PhD Oral Exam - Brent T. Gerchicoff, Political Science
The Dynamics of Containment: Alliance Structures and the Domestic Politics of Foreign Policy
This event is free
School of Graduate Studies
When studying for a doctoral degree (PhD), candidates submit a thesis that provides a critical review of the current state of knowledge of the thesis subject as well as the student’s own contributions to the subject. The distinguishing criterion of doctoral graduate research is a significant and original contribution to knowledge.
Once accepted, the candidate presents the thesis orally. This oral exam is open to the public.
Containment policy has been the dominant grand strategy of the United States throughout the second half of the twentieth century. This dissertation answers the following question: What variation is likely given different structural alliance configurations and domestic constraints? This dissertation will test the relationship between the cause, e.g. alliance cohesion (and domestic structures as the intervening variable) and resulting effect, type containment (proto-, containment, rollback) implemented by US. Through case study methodology and primary source textual analysis, I will test this argument against the Cold War historical record.
This dissertation finds that the dependent variable of foreign policy, specifically the typology of containment is largely determined by the independent variable, alliance cohesion (e.g. whether the alliance partners are balancing or bandwagoning with the alliance leader, or if the state fears the leader will not fulfill its defensive commitments). This relationship, with the inclusion of executive autonomy or constraint in domestic structures (IVV) is largely responsible for the foreign policy output by the United States in all but one of the case studies used to test this dissertation’s argument. The deviating case study demonstrates that the Carter Administration’s neglecting the alliance cohesion – containment policy axis led to, in effect, being selected out of American leadership and the Ronald Reagan reset with alliance politics and containment foreign policy at the forefront of the Administration’s foreign relations.

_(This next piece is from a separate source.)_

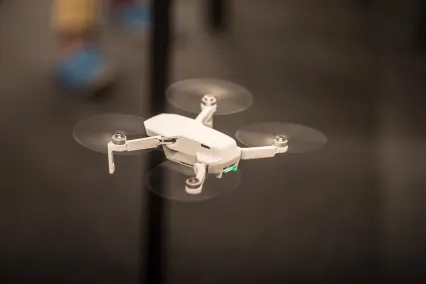 MasonSlots Casino Mobilna aplikacija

The discussion of containment strategies is a critical contemporary issue given the recent rise of the People’s Republic of China threatening to surpass the United States as the most powerful state in the international system, likely with hegemonic ambitions. Given that containment is a foreign policy short of war, makes this a strategy worth considering when confronting the reality of a rising nuclear revisionist power. At the time of this writing, there is no model that lays out the theoretical conditions which decision-makers will implement a policy of containment. This dissertation builds this theory. In demonstrating containment as a grand strategy that resides within a theoretical framework of a security policy short of war will open up possible foreign policy alternatives for states to consider.